Use in-network providers. Even though your insurance won’t pay until you’ve completed payment of your high deductible, your plan has negotiated discounts with providers and hospitals, and you’re entitled to those discounts as long as you use those in-network providers, Leibowitz says.
Some health insurance plans even have preferred provider networks. Leibowitz says the discount they negotiate with preferred providers is greater than those who are simply “in network.”
Question every bill. Before you pay that bill, compare it to the Explanation of Benefits (EOB) statement you receive from your provider, Leibowitz says.
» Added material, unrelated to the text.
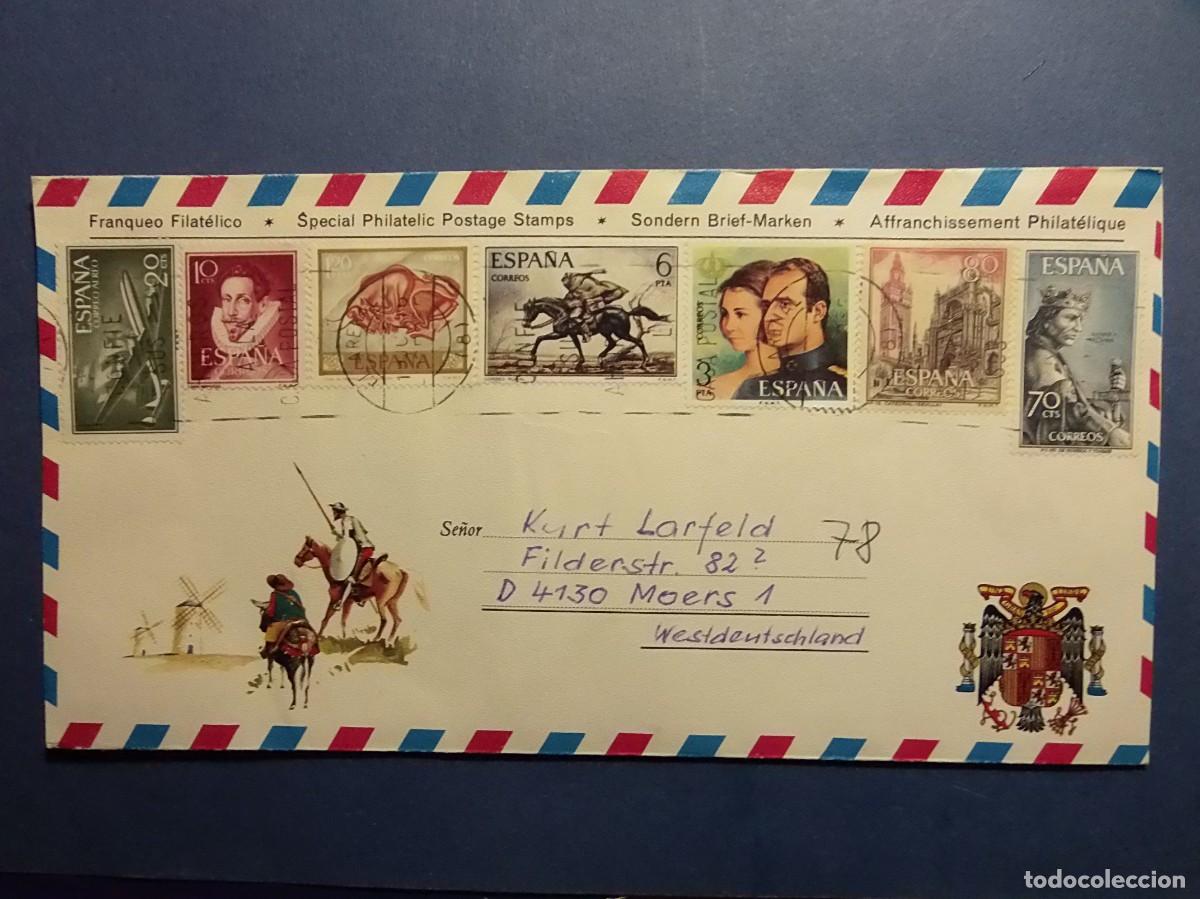 Timbres: SOBRE FRANQUEO FILATELICO - EL ARENAL (MALLORCA)-ALEMANIA - DON QUIJOTE, ESCUDO DE ESPA&Ntilde;A.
The bill could contain errors.
If you discover an error, ask your provider to resubmit the claim using the correct codes. Give it some time, and follow up with your insurance company to make sure the bill was reprocessed correctly.
Contribute as much as you can to a health savings account (HSA).HDHP plans can be tied to a health savings account that allows you to put money away tax-free to help pay for medical expenses.
Unlike flexible spending accounts, HSAs are not “use it or lose it,” Wruck says. The money will stay in your account and grow tax-free. The IRS has set the maximum contribution to an HSA for 2016 at $3,350 for an individual and $6,750 for a family. If you are 55 or older, you can make additional catch-up contributions of up to $1,000 annually. Contribute as much as you comfortably can.
Being willing to put in the work to research and compare providers, services and prescriptions could end up saving you a lot of money that you otherwise might have paid in premiums with another plan.